The opening of the New Zealand electricity industry to competition with power being bought and sold just like shares on a stock market brings its own IT challenges to a large state-owned enterprise. To be able to participate in the power "share market" this company has to build an ultra-reliable data warehouse that collects real-time power pricing data 24 by 7. The data is collected as it is published by the trading exchange by data feeds that check for updates every few minutes. These occur across the Internet with two completely independent encrypted data feeds operating in parallel loading two separate data warehouses. The energy traders make their buying and selling decisions based on the data as soon as it is received.

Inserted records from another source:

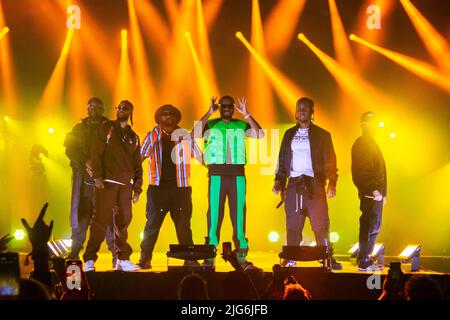 Liège, Belgique, 07 juillet 2022. Le groupe musical Sexion d'Assaut photographié sur scène lors du premier jour du festival de musique les Ardentes à Liège, jeudi 07 juillet 2022. L'édition 15th du festival se déroule de 7 juillet à 10 juillet. Les éditions 2020 et 2021 du festival ont dû être annulées en raison de la pandémie du virus Corona. BELGA PHOTO THOMAS MICHIELS Banque D'Images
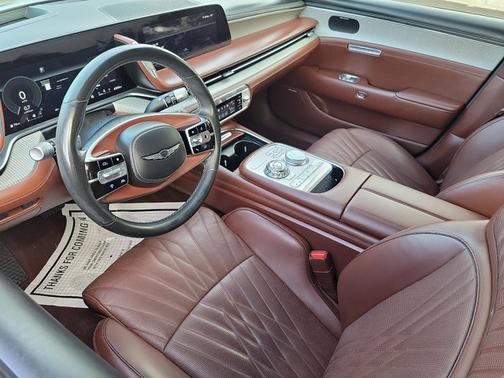 2023 Genesis G90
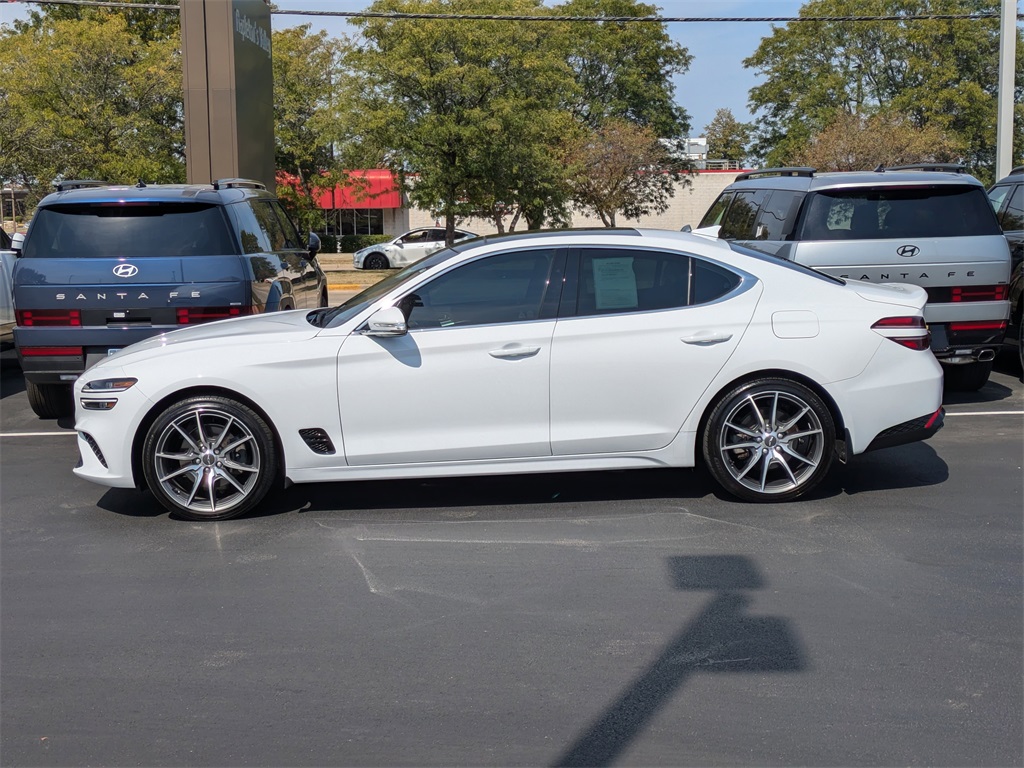 2022 Genesis G70 2.0T 8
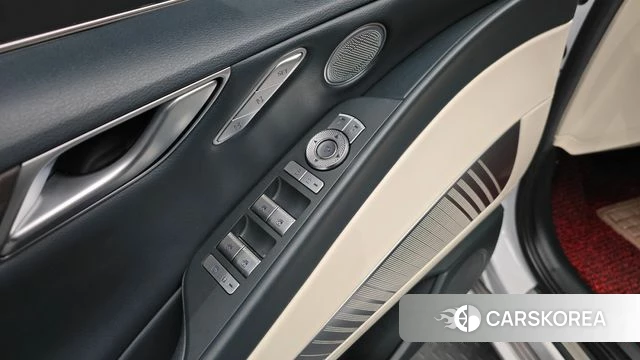 Genesis Electrified G80 (RG3) 2022 Белый из Кореи, фото 5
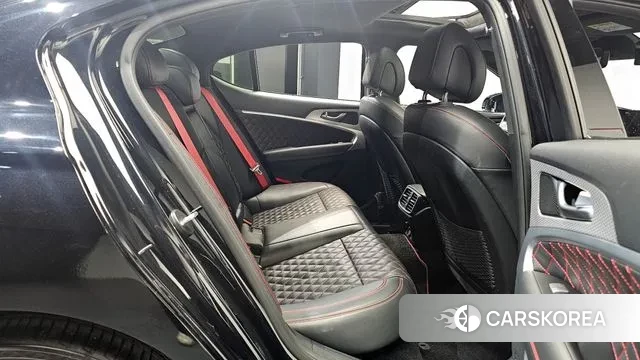 Genesis The New G70 2022 Черный из Кореи, фото 3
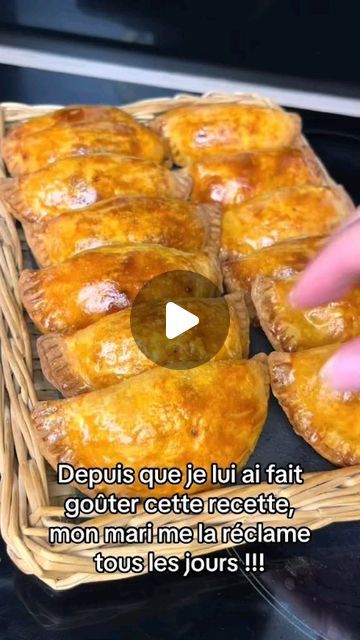 Chef Club, Viral Video, Beignets, Pesto, Paris France, Food And Drink, Pizza, Drinks, On Instagram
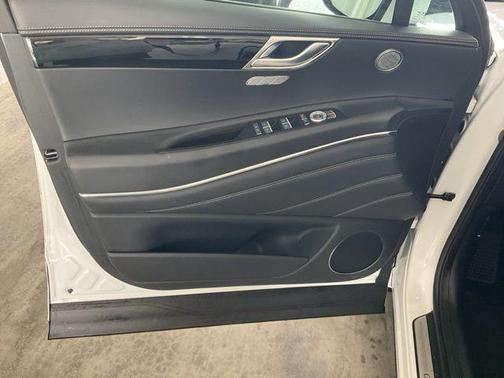 2025 Genesis GV80 2.5T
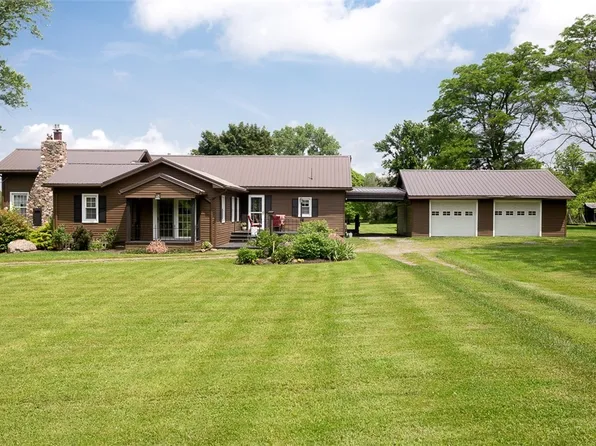 5493 Crossett Rd, Geneseo, NY 14454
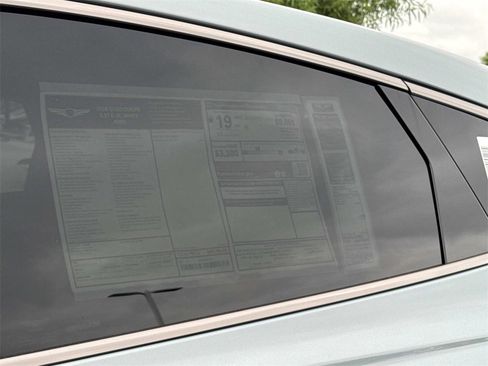 New 2026 Genesis GV80 3.5T e-SC image 17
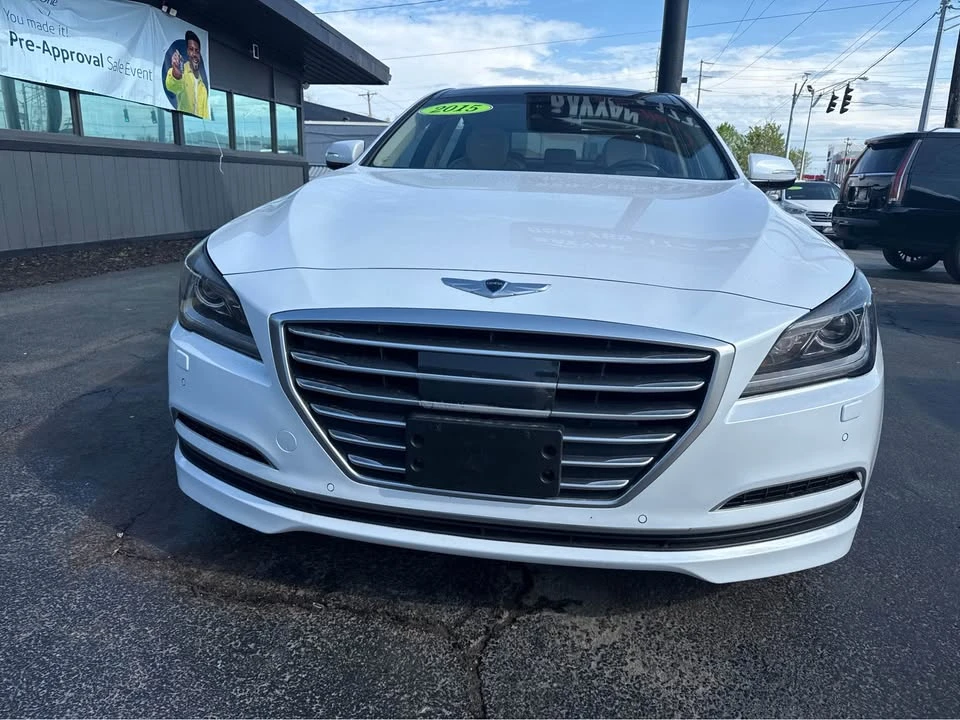 2015 Hyundai Genesis - Image 9 of 20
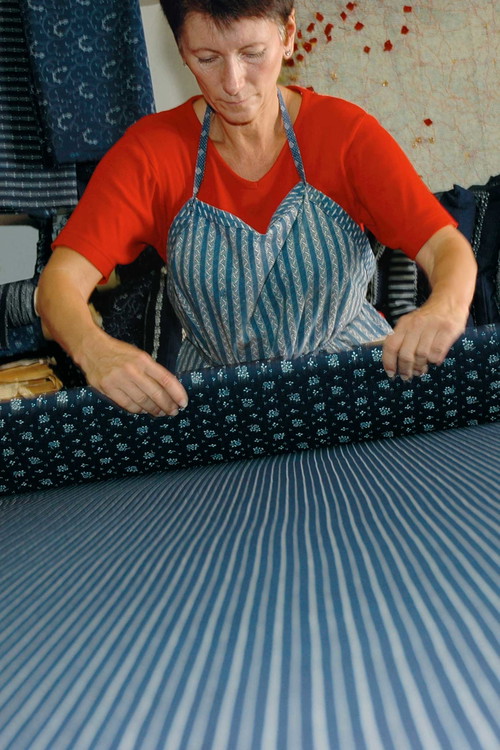 Blaudruck ist streng genommen Blaufärben. Denn gedruckt wird nur das Muster, das nach dem Färben mit pflanzlichem Indigo weiß bleiben soll. Die Koós sind die Einzigen in Europa, die auch Doppeldruck machen. Seit 2018 gehört das Handwerk des Blaudruckens zum immateriellen Weltkulturerbe.&nbsp;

Millions of dollars of trades are done daily, so both system reliability and having the trading data available as soon as possible are critical to doing deals of greatest benefit to the company.

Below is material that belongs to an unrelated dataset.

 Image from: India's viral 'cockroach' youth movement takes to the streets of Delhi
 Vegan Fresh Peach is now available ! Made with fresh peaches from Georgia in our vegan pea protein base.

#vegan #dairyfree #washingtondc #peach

Problem:  The ETL (extraction, transforming, and loading) tool chosen by the customer initially causes endless problems. The extraction jobs would hang for no obvious reason and on a seemingly random basis. Re-starting the jobs required manual intervention. As my company was responsible for the after-hours support, the result was endless frustration and many sleepless nights trying to keep both parallel systems in operation! At the height of the problems getting called out five or six times a night was not uncommon. It was fortunate that we were able to dial in remotely to do support.

Solution: We painstakingly and exhaustively went through all the possibilities. Technical support only went so far and after that it was simply a matter of trial and error. As we discovered, the tool was incredibly sensitive to not being installed quite right, not being configured quite right, not having internet connections with plenty of spare bandwidth, and most importantly plenty of processor and memory headroom. One by one we sorted these issues and gradually the system became more and more stable. We also built special checking jobs that would attempt to reset and restart the ETL jobs if it thought they had stopped. By the time we finished three or four after-hours callouts per month were typical. The result was one happy customer and uninterrupted sleep for the support team.

Moral:  Immature, unreliable software tools are not normally showstoppers. With perseverance, systemically working through all potential issues, working around idiosyncrasies and limitations, a satisfactory solution can usually be found. It can take a lot of resources, lots of IT experience and extra money to find that solution. At the end of the day it is usually cheaper to stick with the tool with known limitations than to throw it out for another that may be more reliable, but will undoubtedly have its own issues.